=== Short web captions ===
· · · ·

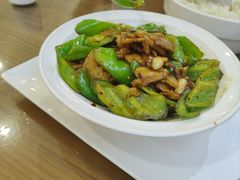青椒小炒肉-鸿运酒楼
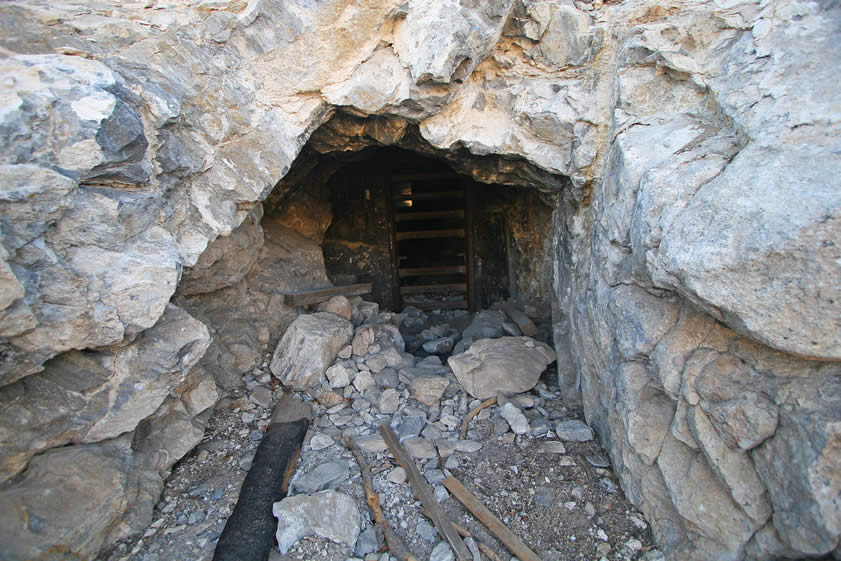 The bat grate can be seen a short way into the tunnel.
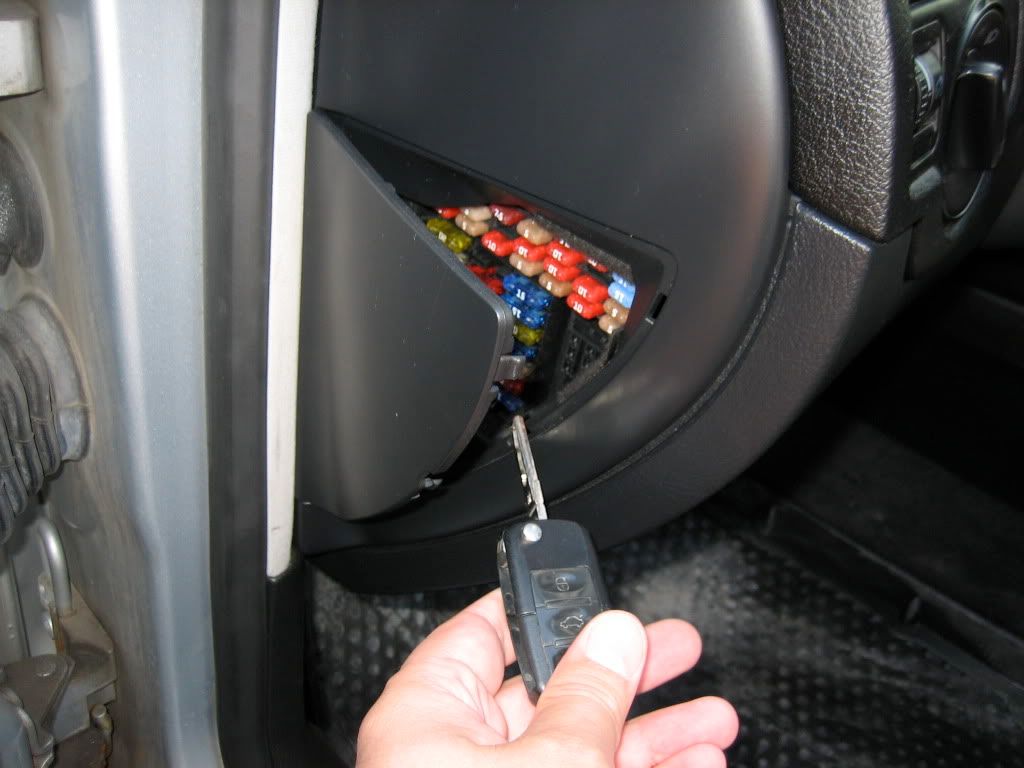 quick question Fuse box location Polo 2006 1.6?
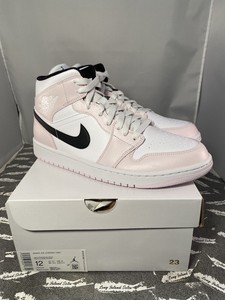 aj1 barely rose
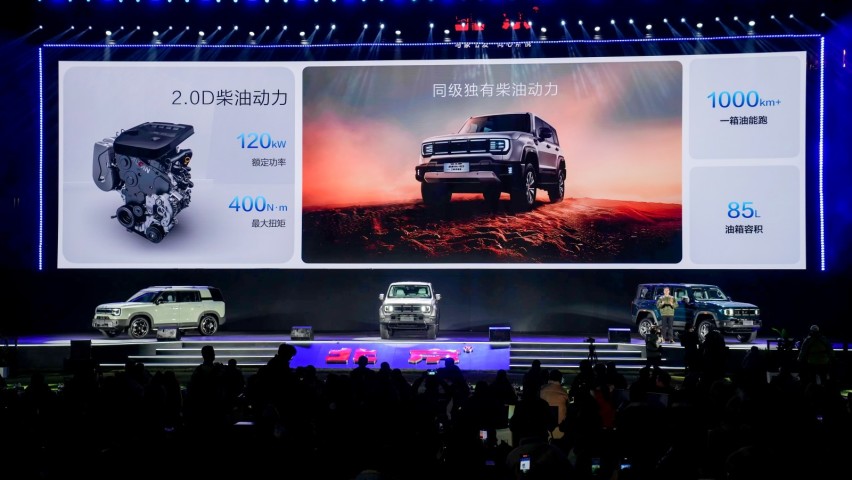 北京汽车全新BJ40开启预售，18.98万起，电四驱BJ30同时亮相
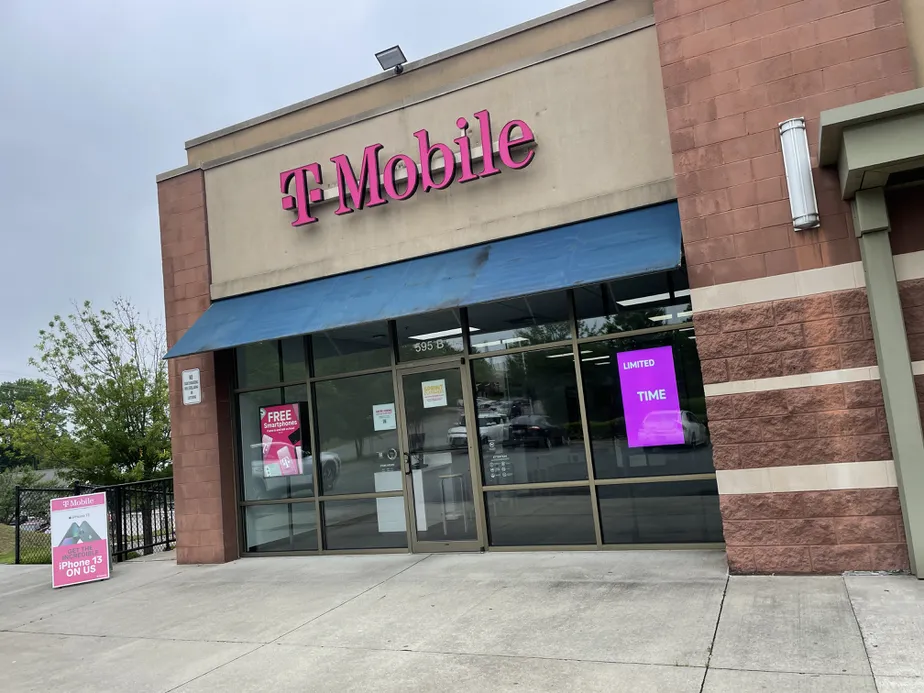 Exterior photo of T-Mobile Store at Holt Garrison Pkwy & Coleman St, Danville, VA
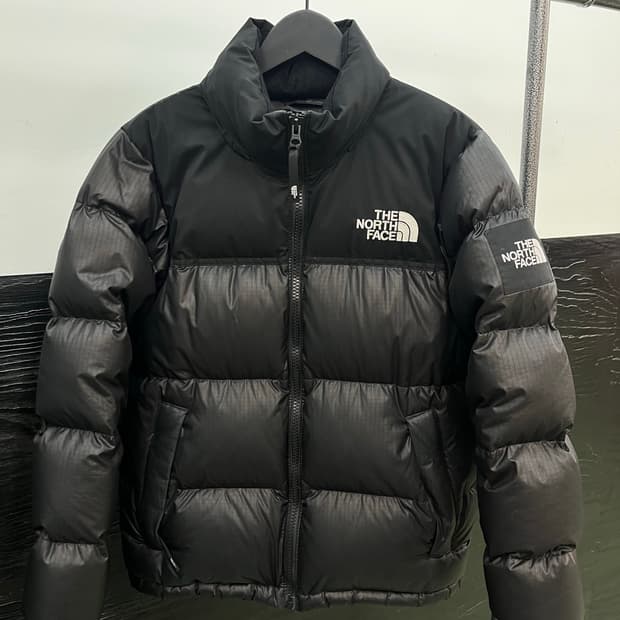 노스페이스 화이트라벨 눕시 유광 블랙 S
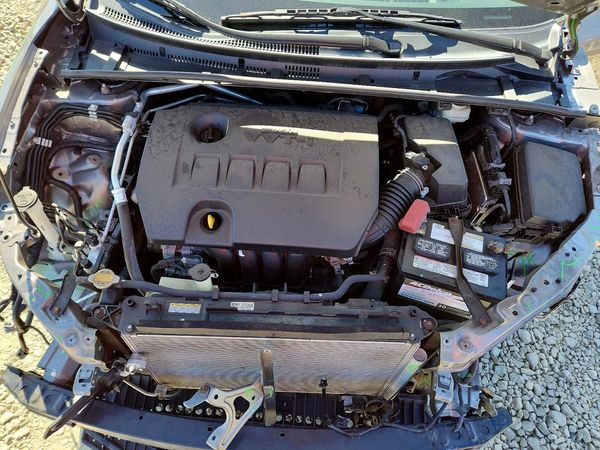 2016 TOYOTA COROLLA L/LE — Engine bay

· · · ·

=== Work to complete ===
Because the copy must hold no pictures, return only the lines that run from the line containing "quick question Fuse" to the end of the data above, each exactly as it stands.

=== Your solution ===
 quick question Fuse box location Polo 2006 1.6?
 aj1 barely rose
 北京汽车全新BJ40开启预售，18.98万起，电四驱BJ30同时亮相
 Exterior photo of T-Mobile Store at Holt Garrison Pkwy & Coleman St, Danville, VA
 노스페이스 화이트라벨 눕시 유광 블랙 S
 2016 TOYOTA COROLLA L/LE — Engine bay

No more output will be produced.